Googelt man Vater Haarewaschen akzeptiert Homosexualität braucht Zeit wie viel Zeit, kommt aber auch wirklich gar nichts Brauchbares, das habe ich mehrmals getestet. Papas frisch schamponierte Akzeptanzbekundung hatte Bereitschaft für weitere Schritte vermittelt, aber seither war wieder über ein Jahr vergangen, insgesamt schon sieben seit meinem Outing. Ich wollte ja nicht ungeduldig sein oder ihn drängen, aber gleichzeitig wusste ich nicht mehr, wie lang mein Leben noch in ein sonst passte. In unseren mittlerweile fast regelmäßigen Telefonaten sprachen wir über die Arbeit – seine am Boot, meine an der Uni – und in erstaunlichem Detail übers Wetter, bis er irgendwann diese leidige Frage stellte: „Wie geht’s dir sonst so?“ „Gut“, antwortete ich jedes Mal. Durfte nicht expliziter werden, nicht in die Tiefe gehen; absurd, soeben hatten wir noch millimetergenau über Niederschlagsmengen diskutiert. Ich wollte sagen „Ich bin immer noch mit meinem Freund zusammen, ihm geht es gut, uns geht es gut, er würde dich gern kennenlernen“, aber das alles versteckte ich noch irgendwo in einer dunklen Ecke von „gut“, ich respektierte Papas Bedürfnis nach mehr Zeit. Na ja, bis jetzt zumindest.

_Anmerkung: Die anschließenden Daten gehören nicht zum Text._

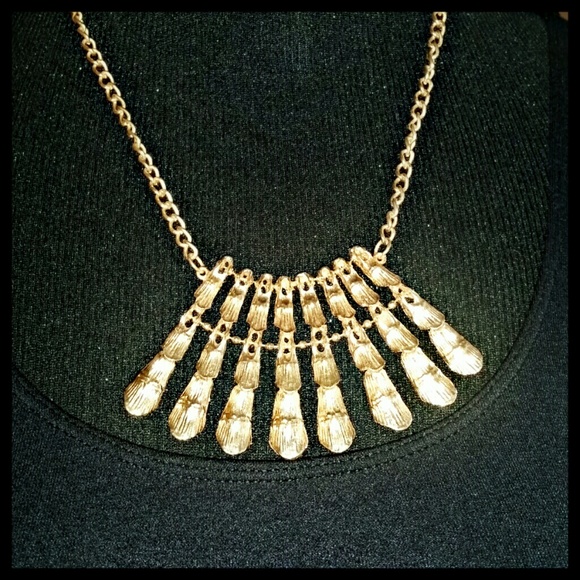 2b bebe Gold Plaque Necklace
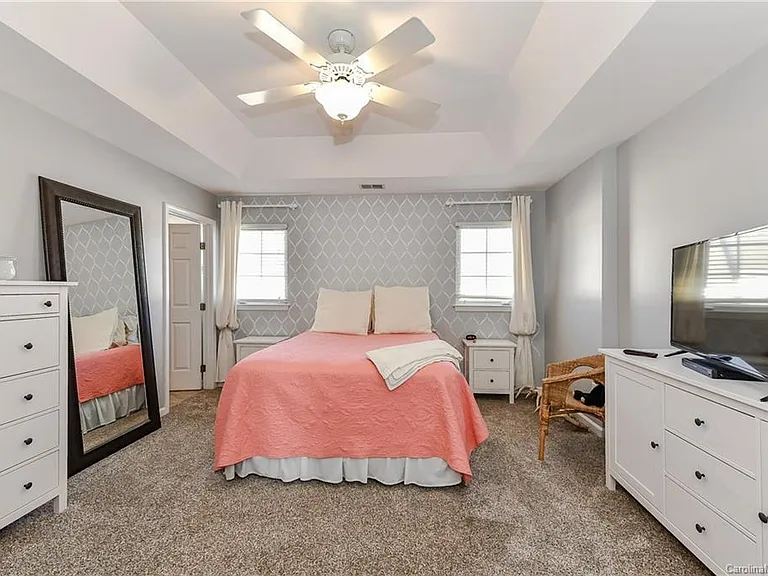 2151 Lake Breeze Ln — Photo 7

Wieder einmal saßen wir auf der Veranda vorm Haus, die Grillen stimmten ihre Flügel für ein energisches Nachmittagskonzert. Ich präparierte meinen Laptop, sodass wir beide gute Sicht darauf hatten, und überprüfte, ob die griechischen Untertitel funktionierten. Love, Simon wollte ich Papa zeigen, einen süßen, harmlosen Coming-of-Age-Film über einen Teenager, der sich outet, und darüber, wie schwierig das sogar in einem toleranten Umfeld sein kann. Meine Lieblingsszene war die, in der sich Simon seiner Mutter anvertraut und sie sagt, dass er jetzt endlich ausatmen kann. Obwohl ich mich schon vor Jahren vor meinem Papa geoutet hatte, musste ich mich jetzt überwinden, auf Play zu drücken, und das, obwohl ich zur Sicherheit schon vage angedeutet hatte, was das für ein Film sein würde. Ich konnte weder ein- noch ausatmen, dabei wollte ich nichts sehnlicher.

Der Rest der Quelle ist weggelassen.